With help from exogenous contrast agents — hemoglobin, melanin, DNA, organic dyes, genes engineered to express colorful products — PAT can image tissues such as lymph nodes that would otherwise blend in with their surroundings. Wang also is experimenting with “reporter genes,” which encode a colored product and show up well in photoacoustic images.

To prove the benefits of PAT over current imaging practices, Wang biopsied sentinel nodes, which are nearest a tumor to which cancerous cells would first migrate. A surgeon would inject a dye, a radioactive substance or both near a tumor during a sentinel node biopsy. The body would treat the injected substances as foreign, so they would flow to the first draining node to be filtered and flushed from the body.

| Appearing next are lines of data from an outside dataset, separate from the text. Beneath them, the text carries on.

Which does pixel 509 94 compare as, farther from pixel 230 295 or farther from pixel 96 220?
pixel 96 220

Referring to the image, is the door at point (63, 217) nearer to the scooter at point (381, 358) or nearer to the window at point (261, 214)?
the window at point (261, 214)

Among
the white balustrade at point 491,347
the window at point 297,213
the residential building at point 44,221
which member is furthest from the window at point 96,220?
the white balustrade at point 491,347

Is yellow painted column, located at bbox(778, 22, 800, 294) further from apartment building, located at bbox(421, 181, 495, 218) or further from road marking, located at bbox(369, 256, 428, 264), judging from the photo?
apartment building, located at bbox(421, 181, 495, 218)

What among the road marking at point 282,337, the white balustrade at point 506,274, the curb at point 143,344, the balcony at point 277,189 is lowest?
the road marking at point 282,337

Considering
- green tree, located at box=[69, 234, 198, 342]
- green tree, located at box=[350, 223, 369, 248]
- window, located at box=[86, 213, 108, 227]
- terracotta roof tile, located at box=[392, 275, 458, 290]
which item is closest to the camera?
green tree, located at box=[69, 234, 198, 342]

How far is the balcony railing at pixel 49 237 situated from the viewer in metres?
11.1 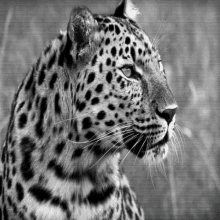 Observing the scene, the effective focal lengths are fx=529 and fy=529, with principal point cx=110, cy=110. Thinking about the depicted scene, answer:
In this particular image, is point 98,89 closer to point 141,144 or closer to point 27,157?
point 141,144

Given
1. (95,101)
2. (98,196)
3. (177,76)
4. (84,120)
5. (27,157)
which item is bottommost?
(177,76)

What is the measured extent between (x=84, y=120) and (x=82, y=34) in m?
0.57

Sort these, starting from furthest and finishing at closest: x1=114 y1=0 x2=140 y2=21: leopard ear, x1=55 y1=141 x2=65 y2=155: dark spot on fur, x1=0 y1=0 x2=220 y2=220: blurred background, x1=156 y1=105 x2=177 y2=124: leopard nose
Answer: x1=0 y1=0 x2=220 y2=220: blurred background, x1=114 y1=0 x2=140 y2=21: leopard ear, x1=55 y1=141 x2=65 y2=155: dark spot on fur, x1=156 y1=105 x2=177 y2=124: leopard nose

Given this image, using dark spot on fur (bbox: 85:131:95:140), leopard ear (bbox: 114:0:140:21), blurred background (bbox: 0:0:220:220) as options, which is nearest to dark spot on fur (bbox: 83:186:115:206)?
dark spot on fur (bbox: 85:131:95:140)

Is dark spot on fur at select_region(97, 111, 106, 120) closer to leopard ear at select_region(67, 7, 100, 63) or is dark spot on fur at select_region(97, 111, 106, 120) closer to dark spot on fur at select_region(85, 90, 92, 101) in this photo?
dark spot on fur at select_region(85, 90, 92, 101)

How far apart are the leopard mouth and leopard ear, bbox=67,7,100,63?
24.8 inches

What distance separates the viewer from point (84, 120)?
347cm

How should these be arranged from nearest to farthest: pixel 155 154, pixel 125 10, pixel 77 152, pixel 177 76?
pixel 77 152
pixel 155 154
pixel 125 10
pixel 177 76

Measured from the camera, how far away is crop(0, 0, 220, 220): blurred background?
6.67 metres

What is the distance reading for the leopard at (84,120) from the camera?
3.48m

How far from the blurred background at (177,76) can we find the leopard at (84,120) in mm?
2898

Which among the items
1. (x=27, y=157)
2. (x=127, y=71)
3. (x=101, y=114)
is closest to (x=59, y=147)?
(x=27, y=157)

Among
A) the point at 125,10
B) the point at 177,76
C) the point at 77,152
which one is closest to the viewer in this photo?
the point at 77,152

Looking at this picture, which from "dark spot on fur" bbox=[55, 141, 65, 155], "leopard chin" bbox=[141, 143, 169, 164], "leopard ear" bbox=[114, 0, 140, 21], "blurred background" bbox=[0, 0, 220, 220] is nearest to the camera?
"dark spot on fur" bbox=[55, 141, 65, 155] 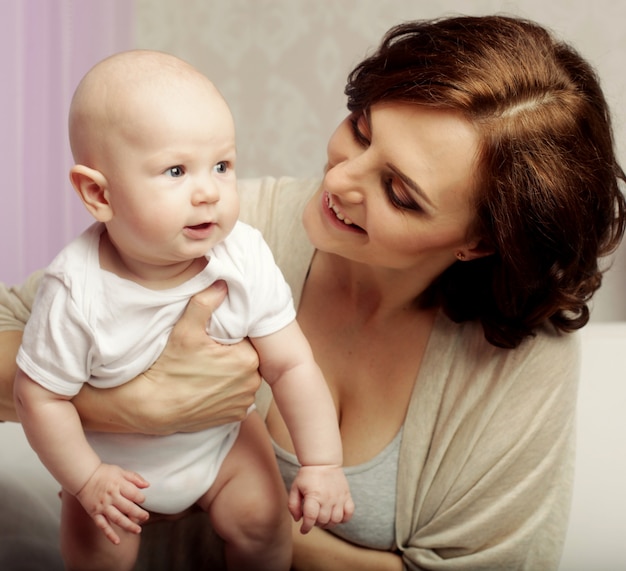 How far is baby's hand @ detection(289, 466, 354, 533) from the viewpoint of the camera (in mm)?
1289

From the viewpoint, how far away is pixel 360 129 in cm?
153

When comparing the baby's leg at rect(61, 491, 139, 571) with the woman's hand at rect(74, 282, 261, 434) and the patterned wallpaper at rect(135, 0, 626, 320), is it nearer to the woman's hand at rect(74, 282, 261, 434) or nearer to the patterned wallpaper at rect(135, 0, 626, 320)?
the woman's hand at rect(74, 282, 261, 434)

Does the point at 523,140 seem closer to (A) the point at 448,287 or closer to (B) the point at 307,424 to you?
(A) the point at 448,287

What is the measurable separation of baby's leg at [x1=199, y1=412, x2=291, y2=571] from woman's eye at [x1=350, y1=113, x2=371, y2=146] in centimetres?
53

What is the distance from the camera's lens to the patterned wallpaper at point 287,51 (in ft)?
9.91

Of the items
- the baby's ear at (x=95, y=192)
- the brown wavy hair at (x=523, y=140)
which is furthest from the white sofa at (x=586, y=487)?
the baby's ear at (x=95, y=192)

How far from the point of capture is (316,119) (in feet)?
10.7

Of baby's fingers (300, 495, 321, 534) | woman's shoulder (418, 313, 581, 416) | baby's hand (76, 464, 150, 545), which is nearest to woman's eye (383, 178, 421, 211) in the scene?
woman's shoulder (418, 313, 581, 416)

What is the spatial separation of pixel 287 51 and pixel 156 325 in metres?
2.20

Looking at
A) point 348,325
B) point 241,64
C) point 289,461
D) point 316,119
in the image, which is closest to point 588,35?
point 316,119

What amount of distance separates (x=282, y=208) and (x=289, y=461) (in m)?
0.52

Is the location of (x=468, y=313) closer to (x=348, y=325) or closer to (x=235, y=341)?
(x=348, y=325)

“A gamma probe or a Geiger counter is used to locate the radioactive particles, but it gives only a rough idea of the node’s location,” Wang said. To find the node, the surgeon would have to cut open the area and follow the dye visually to the sentinel lymph node.

Instead of this technique, Wang proposed injecting an optical dye that shows up clearly in photoacoustic images. A hollow needle can be guided directly to the node and a tissue sample can be taken through the needle. In the current clinical trial, the surgeon is not taking tissue but rather deploying a tiny metal clip through the needle. The patient then undergoes a lymph node dissection, and the dissected lymph node is x-rayed to see whether or not it contains the clip.

“If this technique proves accurate, we will be converting a surgical procedure into a needle biopsy possible on an outpatient basis,” Wang said. “In the US alone, 100,000 of these surgical biopsies are done every year, so the new procedure would spare many patients injury — not to mention expense.”

Wang thinks that photoacoustic imaging also could be useful for systems biology, a new movement in bioscience that focuses on systems as a whole rather than on individual components.

“We’re really just … builders who are going to help other scientists make the revolutionary discoveries in biology and medicine,” Wang said. “At least that’s my hope.”

The findings were detailed in the March 23 issue of Science.